── Data section ──

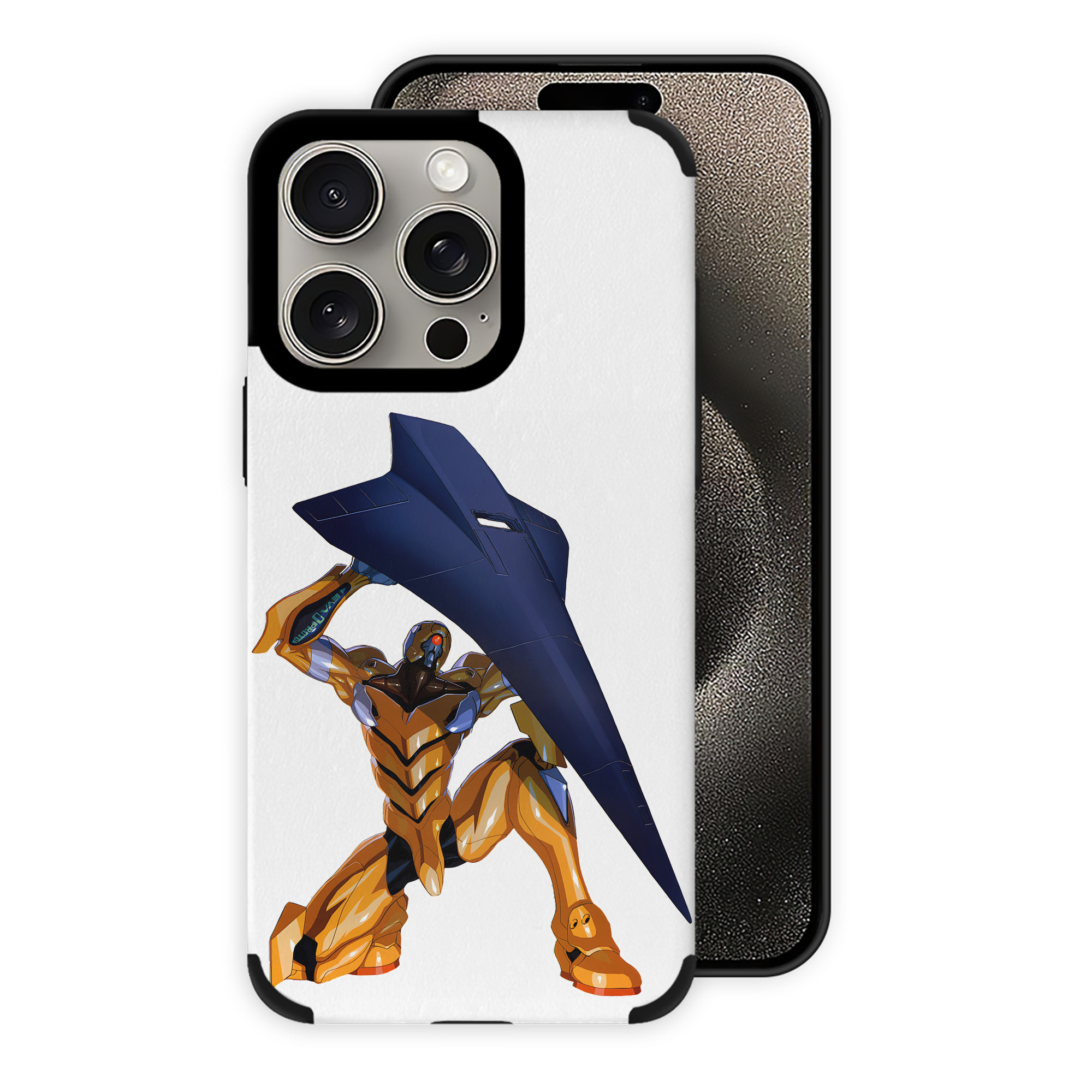 （画像用） EVA 新世紀エヴァンゲリオン 【iPhone15ProMax対応】 PUレザー スマホケース 耐衝撃＆黄変防止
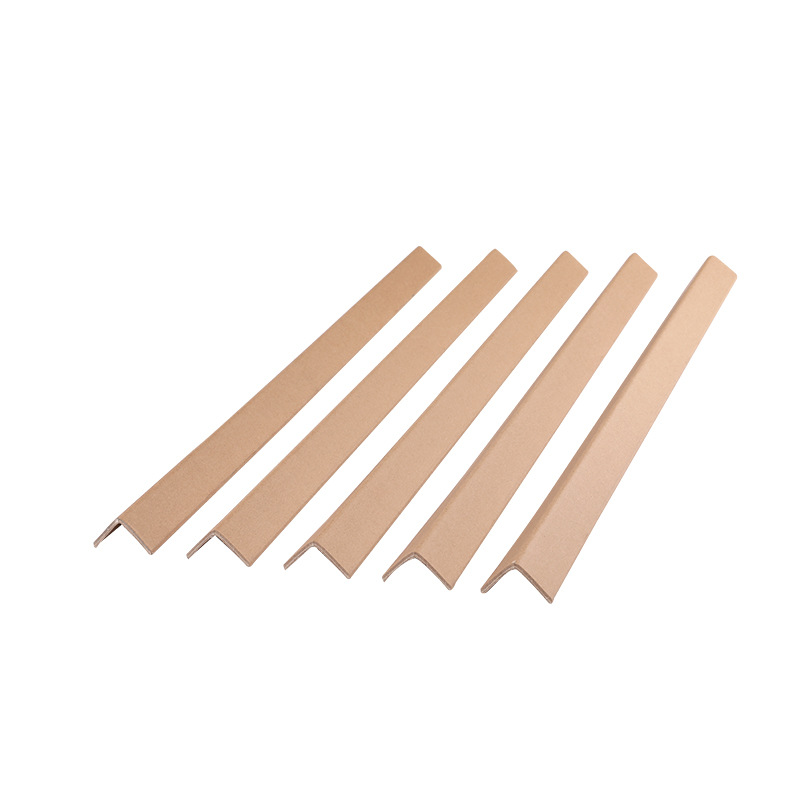 L-shaped paper corner protectors 50*50*5, L-shaped paper corner protectors, kraft paper box packaging, pallet corner protectors, anti-collision corner protectors, corner protection strips Item Picture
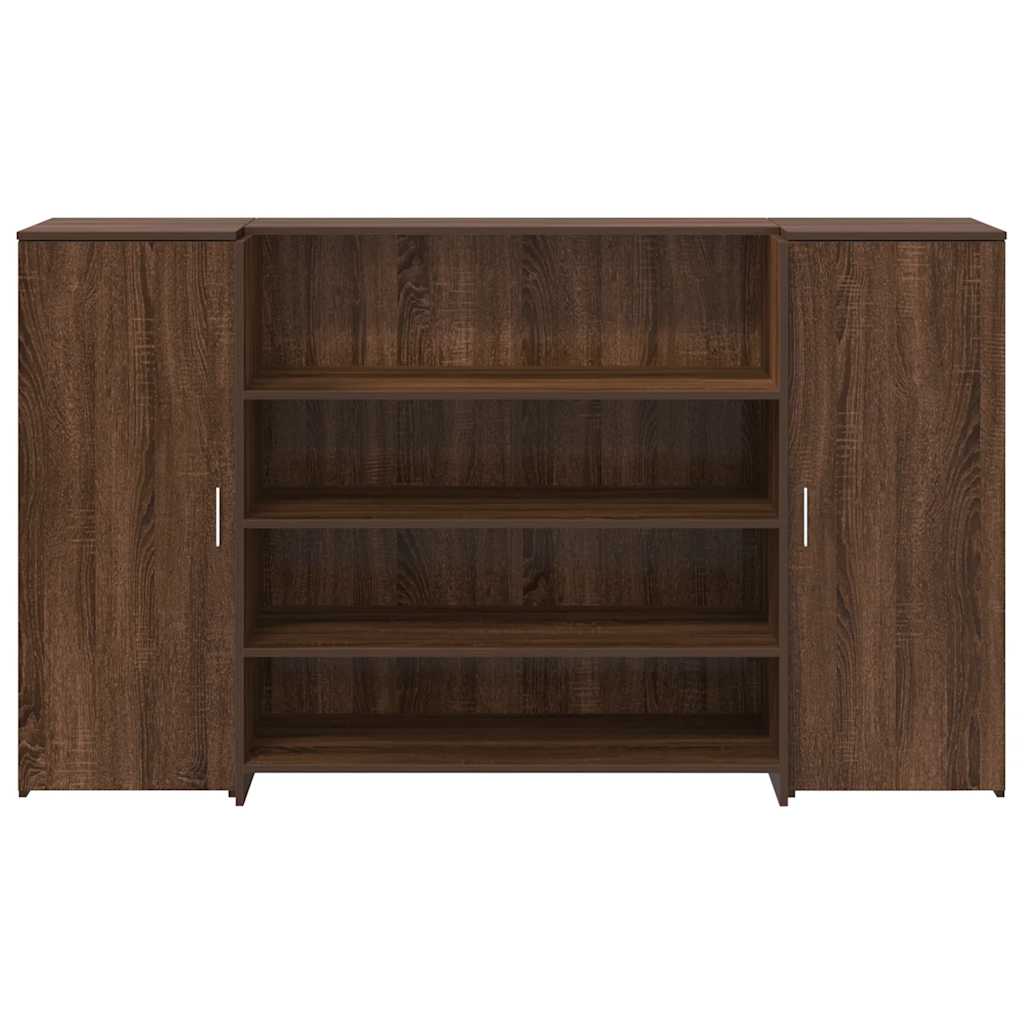 Bureau de réception chêne brun 180x50x103,5cm bois d'ingénierie Bureaux vidaXL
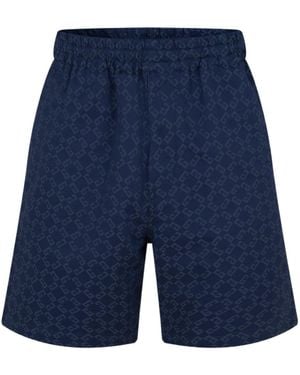 Givenchy Stylish Printed Shorts - Blue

───

• _Action item_:
Where the line containing "L-shaped paper corner protectors 50*50*5, L-shaped" appears in the data above, begin there and output every line through the last, exactly and without pictures.

• _Answer for the task_:
 L-shaped paper corner protectors 50*50*5, L-shaped paper corner protectors, kraft paper box packaging, pallet corner protectors, anti-collision corner protectors, corner protection strips Item Picture
 Bureau de réception chêne brun 180x50x103,5cm bois d'ingénierie Bureaux vidaXL
 Givenchy Stylish Printed Shorts - Blue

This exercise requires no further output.